HPCL merger: MRPL faces shareholding test
MRPL has time till August 21 to meet minimum public shareholding norms; merger process could take much longer
Oil and Natural Gas Corporation (ONGC) is looking to merge its subsidiaries, Mangalore Refinery and Petrochemicals (MRPL) and Hindustan Petroleum Corporation Ltd (HPCL), with itself. However, there is the issue with MRPL regarding the regulatory norms on minimum public shareholding.
The Mangalore refiner is yet to meet the Securities and Exchange Board of India (Sebi) guidelines of a minimum 25 per cent public shareholding; the deadline is August 21. The Government of India holds 88.58 per cent in MRPL through ONGC and HPCL; the public stakes is 11.42 per cent. Hence, ONGC and HPCL are facing the question of whether to offload 14.58 per cent in MRPL to the public or to speed the planned merger between HPCL and MRPL. Neither of the latter two have yet appointed a consultant for that process — the process of vertical integration between the two should take a year.
The minimum public shareholding norm was one of the major issues before the HPCL board when it discussed the merger plans on May 15. “The issue of public shareholding is under evaluation. We have time till August to sort out this issue,” M K Surana, its chairman and managing director, said last week. At present, ONGC holds 71.63 per cent and HPCL has 16.96 per cent in MRPL.
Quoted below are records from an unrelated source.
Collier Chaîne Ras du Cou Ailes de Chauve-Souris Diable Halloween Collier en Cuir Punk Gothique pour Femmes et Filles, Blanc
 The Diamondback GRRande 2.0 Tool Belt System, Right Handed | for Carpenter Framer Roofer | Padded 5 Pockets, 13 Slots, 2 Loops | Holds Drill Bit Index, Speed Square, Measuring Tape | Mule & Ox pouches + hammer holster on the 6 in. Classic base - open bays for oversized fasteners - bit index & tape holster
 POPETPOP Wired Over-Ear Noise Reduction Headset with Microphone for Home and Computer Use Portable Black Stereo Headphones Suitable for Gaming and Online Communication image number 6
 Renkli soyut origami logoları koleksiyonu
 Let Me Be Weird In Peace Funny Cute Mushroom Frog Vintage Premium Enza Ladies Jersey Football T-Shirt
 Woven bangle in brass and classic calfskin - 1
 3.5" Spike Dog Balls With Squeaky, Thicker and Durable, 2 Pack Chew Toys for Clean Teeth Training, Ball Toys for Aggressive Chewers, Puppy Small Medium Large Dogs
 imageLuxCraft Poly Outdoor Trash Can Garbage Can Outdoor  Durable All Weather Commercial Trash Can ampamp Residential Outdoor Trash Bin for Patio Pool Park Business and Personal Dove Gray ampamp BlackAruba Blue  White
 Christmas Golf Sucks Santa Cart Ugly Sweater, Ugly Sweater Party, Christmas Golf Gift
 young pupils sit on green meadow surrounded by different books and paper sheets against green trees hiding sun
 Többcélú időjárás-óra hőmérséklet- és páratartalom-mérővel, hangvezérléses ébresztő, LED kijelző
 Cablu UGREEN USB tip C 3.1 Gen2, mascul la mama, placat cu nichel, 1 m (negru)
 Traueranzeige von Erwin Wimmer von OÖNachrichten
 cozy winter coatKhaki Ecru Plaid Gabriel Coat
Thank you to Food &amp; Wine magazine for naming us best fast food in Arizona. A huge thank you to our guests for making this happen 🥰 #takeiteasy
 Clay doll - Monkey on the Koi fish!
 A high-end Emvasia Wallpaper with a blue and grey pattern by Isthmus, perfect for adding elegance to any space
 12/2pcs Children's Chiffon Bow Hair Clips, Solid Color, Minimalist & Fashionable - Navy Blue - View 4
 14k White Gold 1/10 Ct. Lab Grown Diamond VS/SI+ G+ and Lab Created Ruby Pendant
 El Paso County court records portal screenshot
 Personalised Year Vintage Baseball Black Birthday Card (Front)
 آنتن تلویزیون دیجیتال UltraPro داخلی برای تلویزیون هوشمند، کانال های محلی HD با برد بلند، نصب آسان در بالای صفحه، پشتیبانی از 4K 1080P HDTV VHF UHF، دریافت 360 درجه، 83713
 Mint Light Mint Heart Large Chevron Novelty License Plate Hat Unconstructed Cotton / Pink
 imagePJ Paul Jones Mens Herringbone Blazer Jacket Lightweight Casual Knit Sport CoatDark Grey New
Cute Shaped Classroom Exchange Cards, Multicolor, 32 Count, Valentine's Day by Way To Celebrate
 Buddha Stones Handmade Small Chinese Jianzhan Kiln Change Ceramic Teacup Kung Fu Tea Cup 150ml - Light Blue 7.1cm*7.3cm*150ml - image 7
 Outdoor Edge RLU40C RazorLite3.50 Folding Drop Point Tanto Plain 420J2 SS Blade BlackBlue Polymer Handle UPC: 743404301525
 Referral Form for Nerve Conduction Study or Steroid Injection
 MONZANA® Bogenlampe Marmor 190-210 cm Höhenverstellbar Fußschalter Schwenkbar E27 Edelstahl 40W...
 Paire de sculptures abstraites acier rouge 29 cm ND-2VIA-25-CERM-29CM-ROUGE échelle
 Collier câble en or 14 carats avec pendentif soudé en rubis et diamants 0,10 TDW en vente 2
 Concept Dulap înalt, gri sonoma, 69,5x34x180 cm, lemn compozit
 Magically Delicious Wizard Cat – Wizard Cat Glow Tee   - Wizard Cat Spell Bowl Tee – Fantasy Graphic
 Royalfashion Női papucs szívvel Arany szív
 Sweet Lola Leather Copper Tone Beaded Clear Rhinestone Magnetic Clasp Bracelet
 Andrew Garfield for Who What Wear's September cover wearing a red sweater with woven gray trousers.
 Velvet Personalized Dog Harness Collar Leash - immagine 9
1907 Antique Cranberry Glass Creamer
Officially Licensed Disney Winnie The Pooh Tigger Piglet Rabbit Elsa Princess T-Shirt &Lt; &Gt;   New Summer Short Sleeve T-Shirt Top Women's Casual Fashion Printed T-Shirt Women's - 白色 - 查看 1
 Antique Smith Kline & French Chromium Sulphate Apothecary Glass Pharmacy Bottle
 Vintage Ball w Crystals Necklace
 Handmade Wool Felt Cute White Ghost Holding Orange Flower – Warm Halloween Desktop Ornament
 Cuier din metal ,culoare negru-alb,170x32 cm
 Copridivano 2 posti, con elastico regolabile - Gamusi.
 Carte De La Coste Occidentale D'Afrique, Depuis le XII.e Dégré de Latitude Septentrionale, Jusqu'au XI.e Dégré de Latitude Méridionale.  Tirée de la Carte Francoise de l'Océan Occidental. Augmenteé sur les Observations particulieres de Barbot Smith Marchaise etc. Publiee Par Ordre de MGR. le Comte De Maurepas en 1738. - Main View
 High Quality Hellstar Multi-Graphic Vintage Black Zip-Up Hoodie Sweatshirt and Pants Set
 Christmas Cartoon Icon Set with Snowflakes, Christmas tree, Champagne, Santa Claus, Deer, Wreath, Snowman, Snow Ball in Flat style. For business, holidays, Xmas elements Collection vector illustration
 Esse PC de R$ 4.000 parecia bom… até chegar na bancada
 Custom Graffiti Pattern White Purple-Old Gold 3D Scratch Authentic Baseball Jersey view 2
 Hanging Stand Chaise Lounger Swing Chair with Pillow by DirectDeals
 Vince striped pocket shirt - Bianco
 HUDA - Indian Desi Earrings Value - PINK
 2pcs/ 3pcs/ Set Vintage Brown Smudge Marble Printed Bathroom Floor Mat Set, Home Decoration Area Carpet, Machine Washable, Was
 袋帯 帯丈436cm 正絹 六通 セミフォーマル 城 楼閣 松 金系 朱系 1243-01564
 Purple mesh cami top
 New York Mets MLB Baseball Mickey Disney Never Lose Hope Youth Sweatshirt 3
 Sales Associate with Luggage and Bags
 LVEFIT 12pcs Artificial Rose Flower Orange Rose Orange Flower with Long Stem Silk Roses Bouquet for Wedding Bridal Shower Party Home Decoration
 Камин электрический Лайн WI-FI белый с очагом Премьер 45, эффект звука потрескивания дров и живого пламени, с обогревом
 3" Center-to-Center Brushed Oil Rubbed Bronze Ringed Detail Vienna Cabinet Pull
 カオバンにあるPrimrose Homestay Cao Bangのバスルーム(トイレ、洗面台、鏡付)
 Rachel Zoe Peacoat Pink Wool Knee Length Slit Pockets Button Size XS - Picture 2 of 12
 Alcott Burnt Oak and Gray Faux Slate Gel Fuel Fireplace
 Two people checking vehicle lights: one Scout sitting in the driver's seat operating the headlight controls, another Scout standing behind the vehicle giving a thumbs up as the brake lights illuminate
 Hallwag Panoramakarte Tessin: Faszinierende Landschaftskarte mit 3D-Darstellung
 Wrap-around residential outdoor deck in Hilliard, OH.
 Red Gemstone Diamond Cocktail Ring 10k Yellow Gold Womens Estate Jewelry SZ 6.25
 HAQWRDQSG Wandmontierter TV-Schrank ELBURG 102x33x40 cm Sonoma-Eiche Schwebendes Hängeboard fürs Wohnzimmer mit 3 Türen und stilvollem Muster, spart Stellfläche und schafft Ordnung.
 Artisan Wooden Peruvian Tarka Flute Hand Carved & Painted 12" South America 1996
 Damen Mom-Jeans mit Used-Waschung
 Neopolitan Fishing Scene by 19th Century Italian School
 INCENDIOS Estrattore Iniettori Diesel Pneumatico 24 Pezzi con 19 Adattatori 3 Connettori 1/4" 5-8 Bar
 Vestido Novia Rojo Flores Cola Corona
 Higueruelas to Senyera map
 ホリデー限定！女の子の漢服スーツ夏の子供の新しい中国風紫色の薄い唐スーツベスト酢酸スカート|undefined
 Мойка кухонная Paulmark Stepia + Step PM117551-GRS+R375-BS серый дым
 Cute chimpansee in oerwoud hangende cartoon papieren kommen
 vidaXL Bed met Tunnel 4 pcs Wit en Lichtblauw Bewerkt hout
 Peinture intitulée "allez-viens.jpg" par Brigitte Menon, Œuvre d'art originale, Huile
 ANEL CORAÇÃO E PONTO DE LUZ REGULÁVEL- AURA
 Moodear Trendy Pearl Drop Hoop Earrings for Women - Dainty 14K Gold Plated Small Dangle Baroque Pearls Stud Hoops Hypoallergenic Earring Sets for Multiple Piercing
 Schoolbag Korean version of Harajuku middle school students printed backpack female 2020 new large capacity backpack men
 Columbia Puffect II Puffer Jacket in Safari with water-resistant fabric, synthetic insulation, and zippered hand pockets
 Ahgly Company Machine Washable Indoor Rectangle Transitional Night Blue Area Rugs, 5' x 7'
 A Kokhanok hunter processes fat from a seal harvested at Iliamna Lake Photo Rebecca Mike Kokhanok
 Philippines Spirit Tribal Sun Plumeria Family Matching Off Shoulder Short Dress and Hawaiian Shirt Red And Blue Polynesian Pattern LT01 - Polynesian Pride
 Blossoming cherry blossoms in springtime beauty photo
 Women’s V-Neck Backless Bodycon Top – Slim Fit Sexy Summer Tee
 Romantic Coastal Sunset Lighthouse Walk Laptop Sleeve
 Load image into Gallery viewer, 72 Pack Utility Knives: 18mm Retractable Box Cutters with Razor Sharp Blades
Generally, to meet the requirement, companies look at options like sale of shares held by promoters through a secondary market institutional placement programme, issuance of shares to the public, offer for sale, a rights issue or bonus shares to public shareholders.
“If merger happens as planned, the shareholding issue will be solved,” ONGC chairman Shashi Shankar told Business Standard. With a merger, the new entity will automatically have more than 26 per cent of public shareholding. “Directionally, a merger between MRPL and HPCL brings value and makes sense. We are trying to do it within this financial year,” said Surana at a press conference after the March quarter’s results.
HPCL and MRPL together will have annual refining capacity of 35 million tonnes and a retail network of around 15,000. In April, there were reports that the finance ministry was planning to approach Sebi for a relaxation to some stateowned entities from meeting the minimum public shareholding rule, including a few up for strategic sale. If MRPL gets a relaxation, the promoter will have enough time to complete the merger. Else, it will have to race against time to complete the process by August. Sebi had given an exemption for ONGC from making an open offer last year, when it acquired 51.11 per cent in HPCL.